As of 2003, the packaging sector accounted for about two percent of the gross national product in developed countries. About half of this market was related to food packaging.
In 2019 the global food packaging market size was estimated at USD 303.26 billion, exhibiting a CAGR of 5.2% over the forecast period. Growing demand for packaged food by consumers owing to a quickening pace of life and changing eating habits is expected to have a major impact on the market.

==Purposes==

Packaging and package labeling have several objectives
- Physical protection – The objects enclosed in the package may require protection from, among other things, mechanical shock, vibration, electrostatic discharge, abrasion, compression, temperature, etc.

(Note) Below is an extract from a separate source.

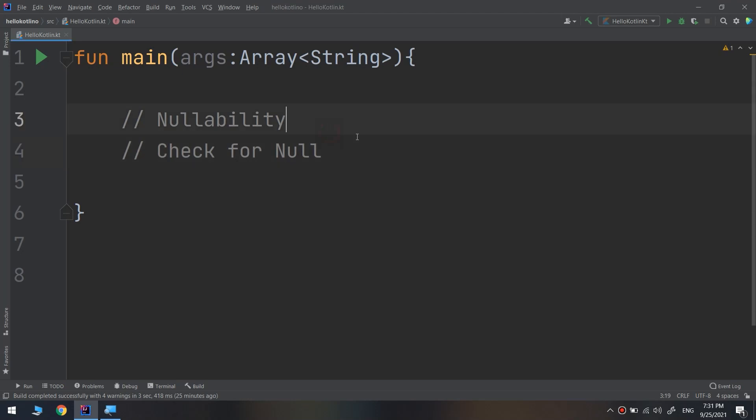Hello my friends and welcome again to the complete Kotlin course. We have started the nullability section and we have talked about nullability. Now let's check for a null. It's all well and good that nullables exist, but you may be wondering how you can look inside the box and manipulate the value it contains.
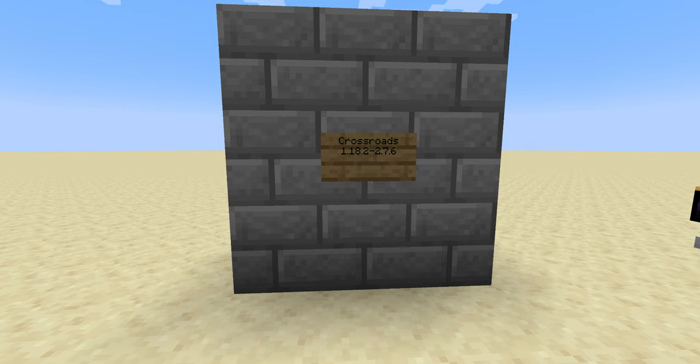Hello, welcome back to the next part of the Crossroads tutorial series. This part covers Witchcraft, which is an entirely new branch of the mod.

- Barrier protection – A barrier to oxygen, water vapor, sunlight, dust, etc., is often required. Permeation is a critical factor in design. Some packages contain desiccants or oxygen absorbers to help extend shelf life. Modified atmospheres or controlled atmospheres are also maintained in some food packages. Keeping the contents clean, fresh, sterile and safe for the duration of the intended shelf life is a primary function. A barrier is also implemented in cases where segregation of two materials prior to end use is required, as in the case of special paints, glues, medical fluids, etc.
- Containment or agglomeration – liquids and powders need to be contained for shipment and sale. Small objects are typically grouped together in one package for reasons of storage and selling efficiency. For example, a single box of 1000 marbles requires less physical handling than 1000 single marbles. Liquids, powders, and granular materials need containment.
- Information transmission – Packages and labels communicate how to use, transport, recycle, or dispose of the package or product. With pharmaceuticals, food, medical, and chemical products, some types of information are required by government legislation. Information on packaging and labels are used for track and trace purposes. Most items include their serial and lot numbers on the packaging, and in the case of food products, medicine, and some chemicals the packaging often contains an expiry/best-before date. Packages may indicate their construction material with a symbol.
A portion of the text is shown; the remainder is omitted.